-- Opening Marker --
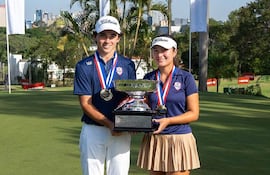 Marcelo Ruiz y Sol Mendoza, campeones del VI Abierto Juvenil del Paraguay, estarán en el Orange de Bowl de Florida.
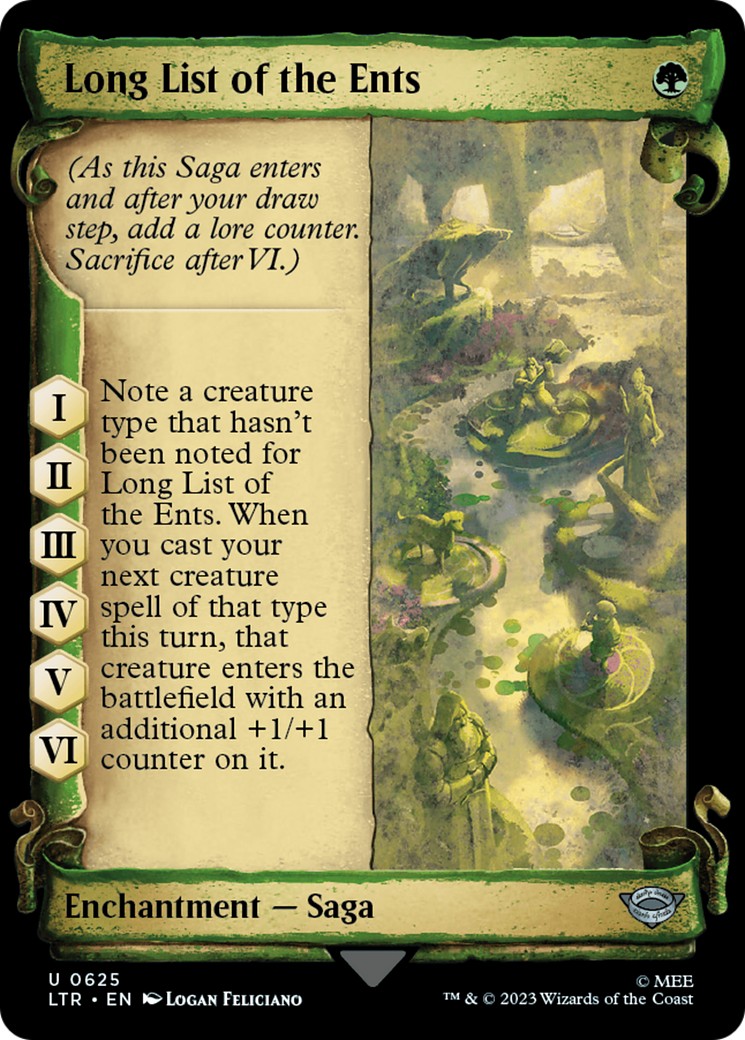 Long List of the Ents - Image 1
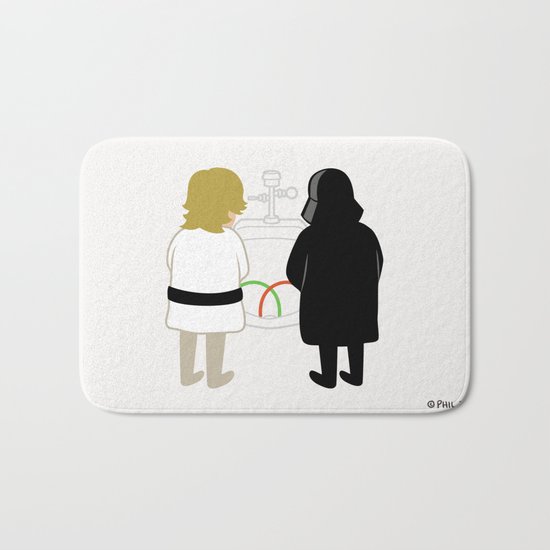 Saber Fight Bath Mat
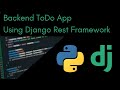 To Do app using django and react - Backend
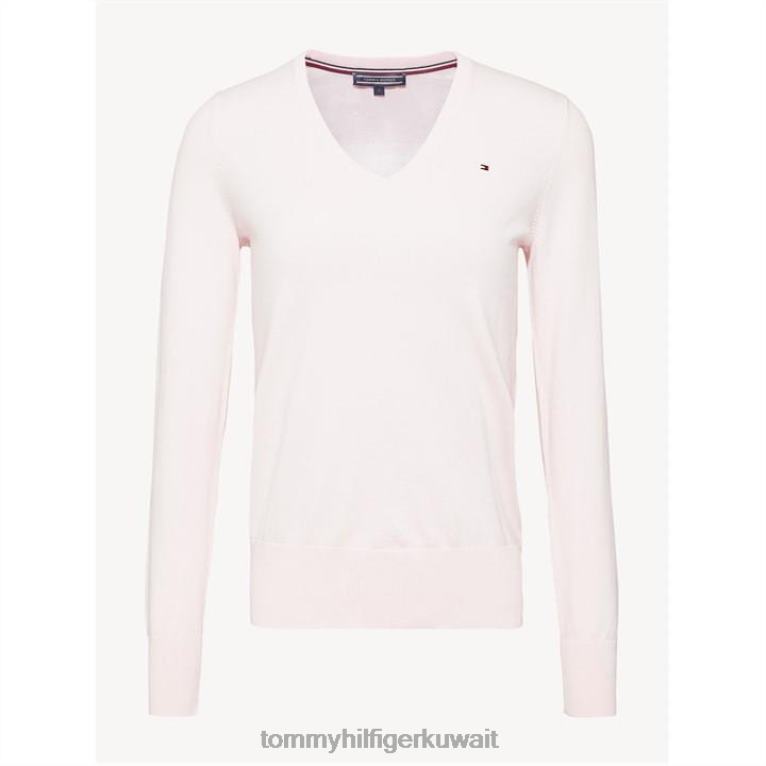 لون القرنفل Tommy Hilfiger سترة التراث الخامس الرقبة 4464419825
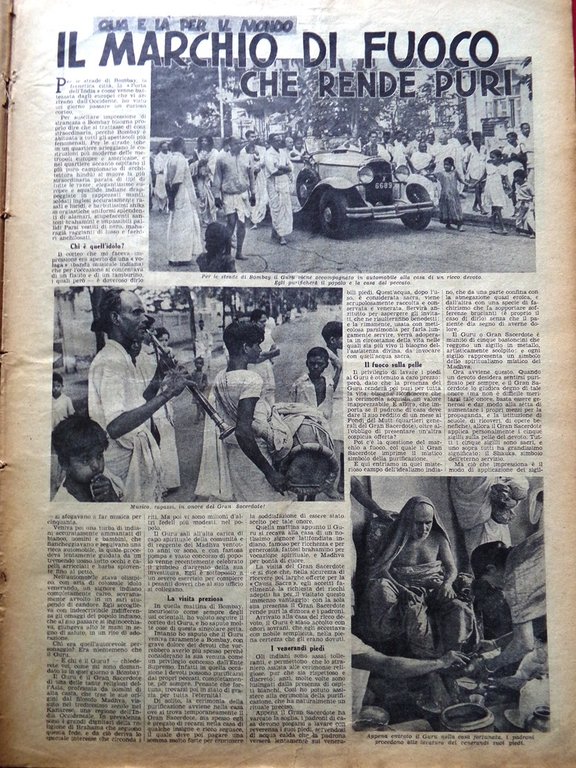 La Domenica del Corriere 28 Gennaio 1939 India Fuoco Bonaparte … | Immagine Gallery 4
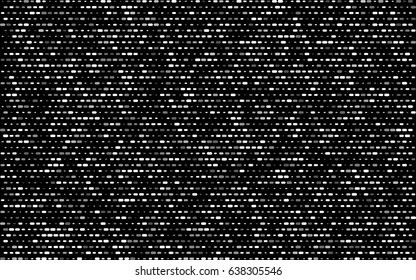 poster grey white dotted line of different sizes with transparency. black abstract background. halftone effect. vector illustration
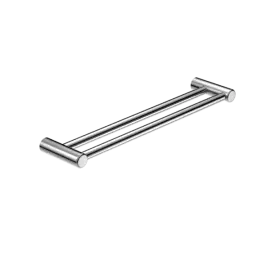 MECCA CHROME CARE 25MM DOUBLE TOWEL GRAB RAIL 600MM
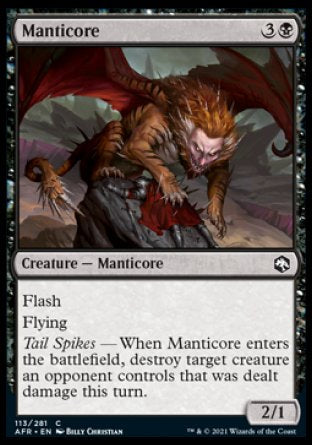 (113) Magic The Gathering Adventures in the Forgotten Realms Single: Manticore Holo Common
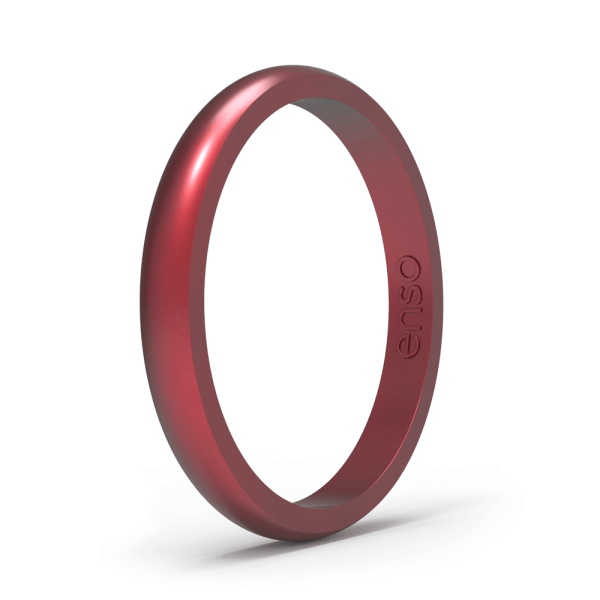 Elements Classic Halo Silicone Ring - Ruby Sale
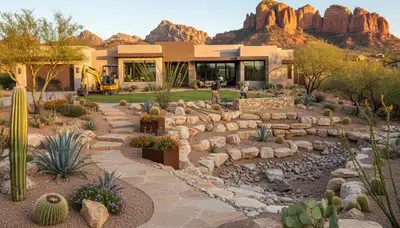 Scottsdale, AZ landscaping service for residential yards and desert garden maintenance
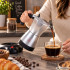 Elektriskā moka kafijas kanna, sudrabkrāsas, 6 tasītēm, 300 ml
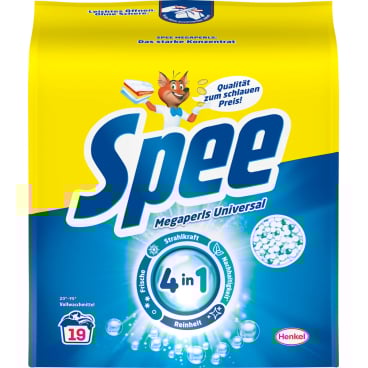 Spee Vollwaschmittel Megaperls mit Duft, 19 WL 1,140 kg - Packung - Bild-Darstellung des Produktes 1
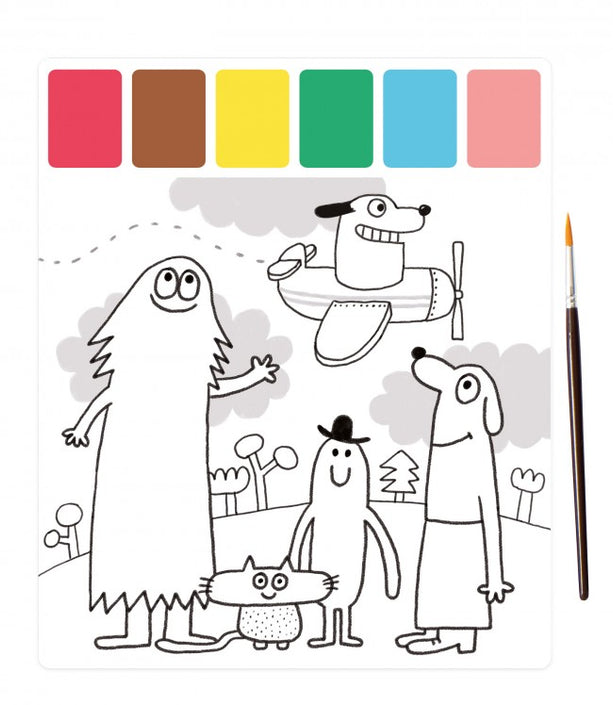 Moulin Roty magisch schilderen Les Schmouks 3 jr+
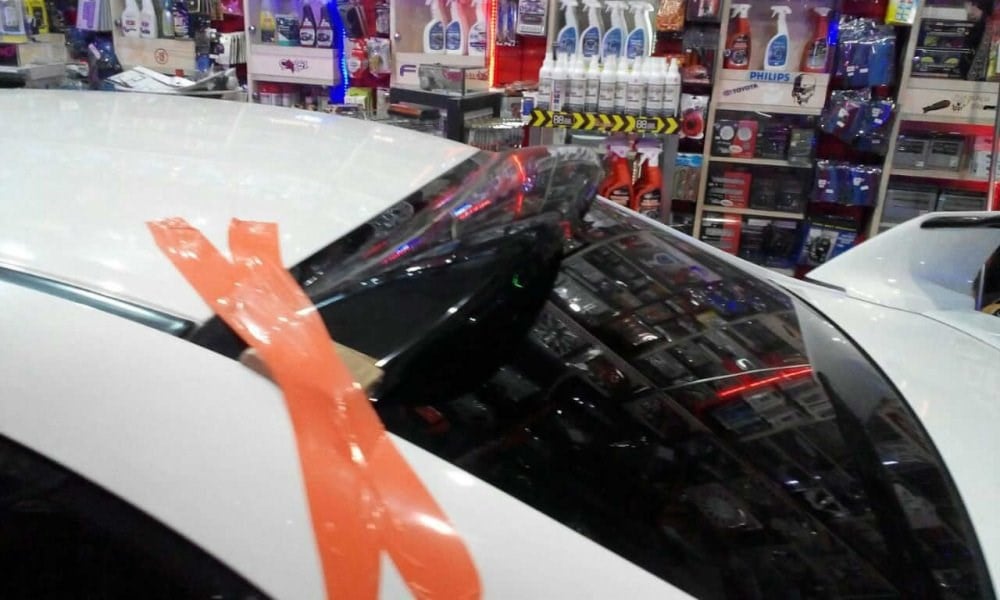 Honda Civic Fd6 Civic  Parlak Siyah Cam Üstü Spoiler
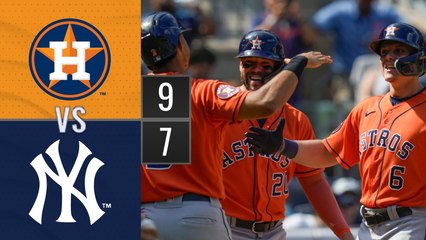 Resumen Astros de Houston vs Yankees de Nueva York MLB 06-08-2023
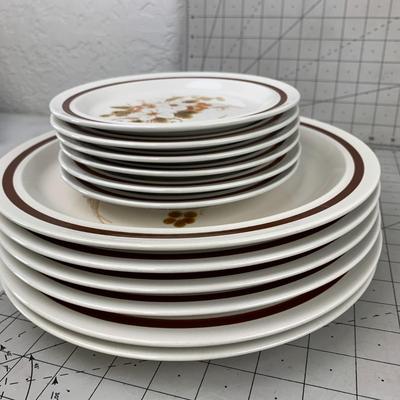 #351 Four Seasons Collection Autumn Bouquet Stoneware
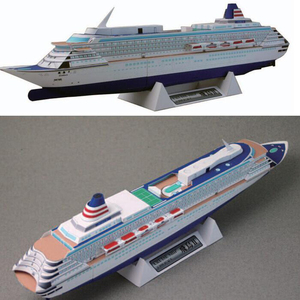 儿童手工折纸DIY拼装立体纸质模型仿真船模豪华游轮轮船客船制作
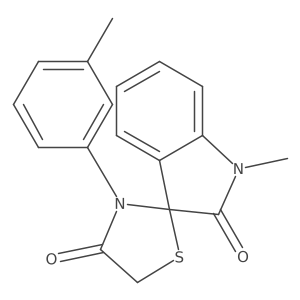 1-Methyl-3'-(3-methylphenyl)-1,2-dihydrospiro[indole-3,2'-[1,3]thiazolidine]-2,4'-dione Structure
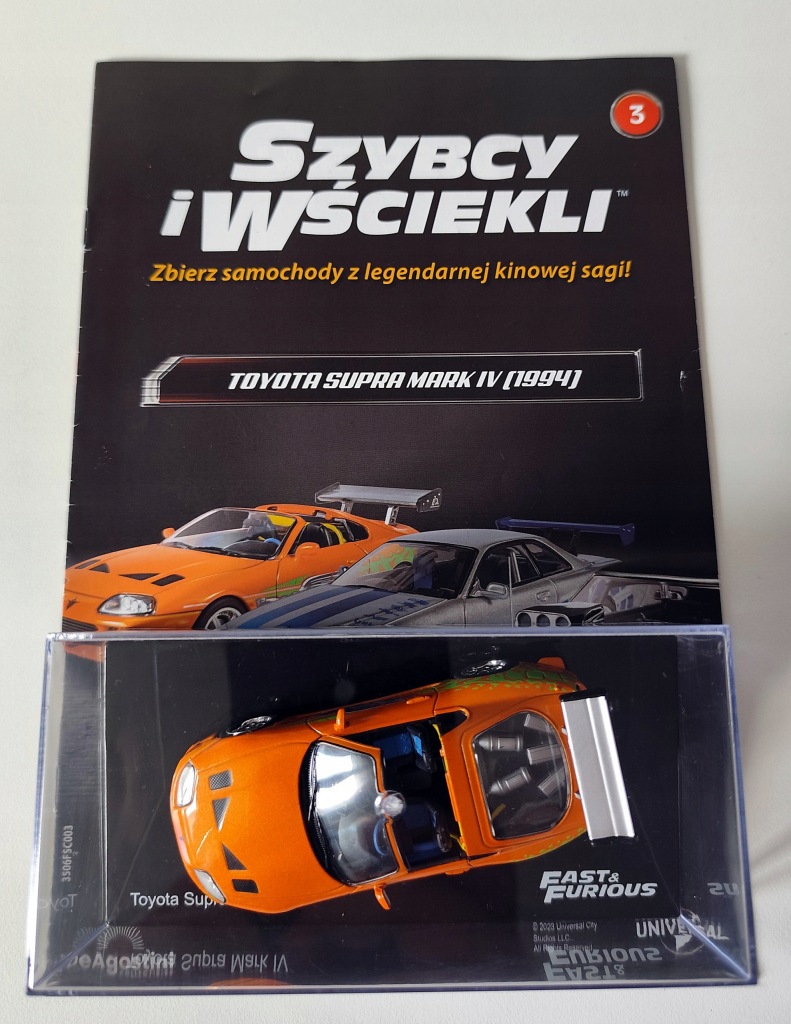 Model kolekcjonerski Toyota Supra Mark IV 1994 Fast & Furious 1:43 DeAgostini Gazetka PL Model kolekcjonerski Toyota Supra Mark IV 1994 Fast & Furious 1:43 DeAgostini Gazetka PL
-- Closing Marker --
Excluding every picture, write out each record word for word.

- _Answer section_
 Marcelo Ruiz y Sol Mendoza, campeones del VI Abierto Juvenil del Paraguay, estarán en el Orange de Bowl de Florida.
 Long List of the Ents - Image 1
 Saber Fight Bath Mat
 To Do app using django and react - Backend
 لون القرنفل Tommy Hilfiger سترة التراث الخامس الرقبة 4464419825
 La Domenica del Corriere 28 Gennaio 1939 India Fuoco Bonaparte … | Immagine Gallery 4
 poster grey white dotted line of different sizes with transparency. black abstract background. halftone effect. vector illustration
 MECCA CHROME CARE 25MM DOUBLE TOWEL GRAB RAIL 600MM
 (113) Magic The Gathering Adventures in the Forgotten Realms Single: Manticore Holo Common
 Elements Classic Halo Silicone Ring - Ruby Sale
 Scottsdale, AZ landscaping service for residential yards and desert garden maintenance
 Elektriskā moka kafijas kanna, sudrabkrāsas, 6 tasītēm, 300 ml
 Spee Vollwaschmittel Megaperls mit Duft, 19 WL 1,140 kg - Packung - Bild-Darstellung des Produktes 1
 Moulin Roty magisch schilderen Les Schmouks 3 jr+
 Honda Civic Fd6 Civic  Parlak Siyah Cam Üstü Spoiler
 Resumen Astros de Houston vs Yankees de Nueva York MLB 06-08-2023
 #351 Four Seasons Collection Autumn Bouquet Stoneware
 儿童手工折纸DIY拼装立体纸质模型仿真船模豪华游轮轮船客船制作
 1-Methyl-3'-(3-methylphenyl)-1,2-dihydrospiro[indole-3,2'-[1,3]thiazolidine]-2,4'-dione Structure
 Model kolekcjonerski Toyota Supra Mark IV 1994 Fast & Furious 1:43 DeAgostini Gazetka PL Model kolekcjonerski Toyota Supra Mark IV 1994 Fast & Furious 1:43 DeAgostini Gazetka PL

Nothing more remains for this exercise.